After finding the line with "ES#2827596 - SSXAU481" in the entries below, copy that line and each one after it exactly, through the last line, and omit pictures.

^^^^^^^^

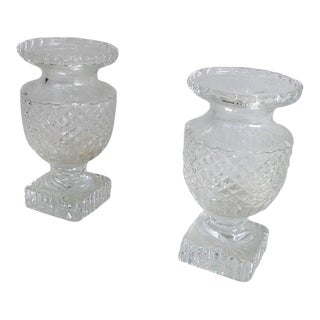 1900s Medicis Style Crystal Vases - a Pair For Sale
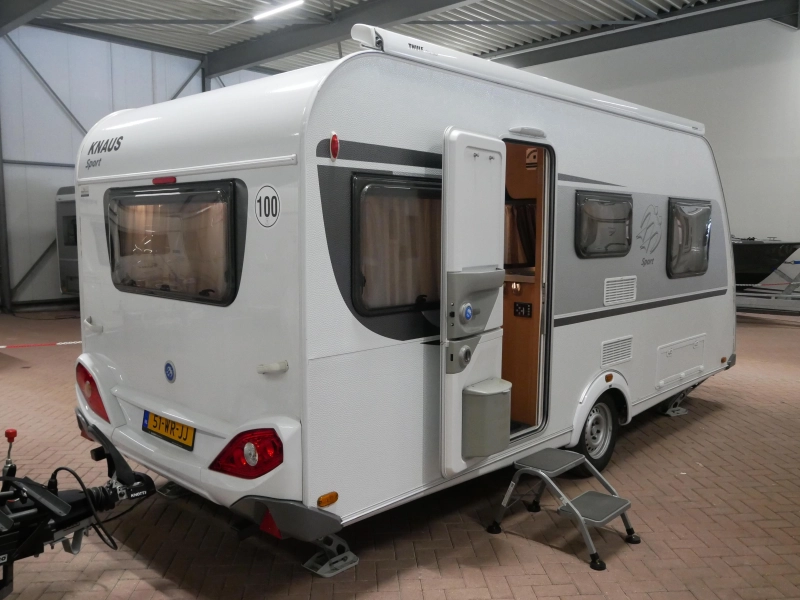 Knaus Sport 460 EU Mover levelsysteem luifel 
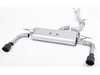 ES#2827596 - SSXAU481 - Cat-Back Exhaust System - Non-Resonated - 3" stainless steel with dual GT100 black Cerakote tips - Milltek Sport - Audi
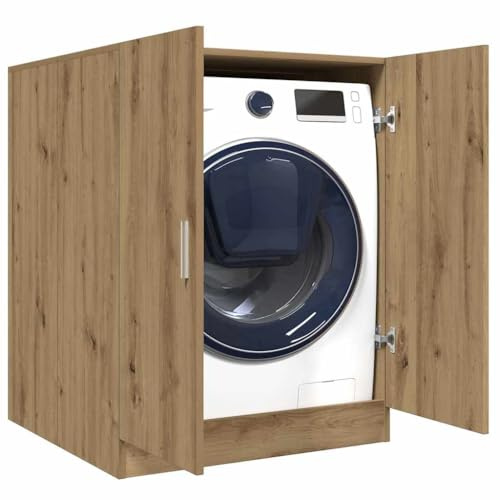Generico Mobile per Lavatrice Rovere Artigianale 70,5x71,5x91,5 cm,Accessori elettrodomestici,Accessori lavatrici e asciugatrici,Accessori per lavatrici e asciugatrici-856641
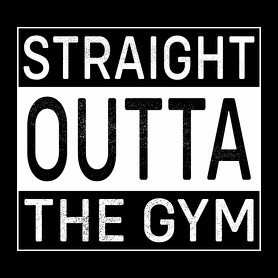 Straight Outta Gym-Női kapucnis pulóver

^^^^^^^^

• RESULT
 ES#2827596 - SSXAU481 - Cat-Back Exhaust System - Non-Resonated - 3" stainless steel with dual GT100 black Cerakote tips - Milltek Sport - Audi
Generico Mobile per Lavatrice Rovere Artigianale 70,5x71,5x91,5 cm,Accessori elettrodomestici,Accessori lavatrici e asciugatrici,Accessori per lavatrici e asciugatrici-856641
 Straight Outta Gym-Női kapucnis pulóver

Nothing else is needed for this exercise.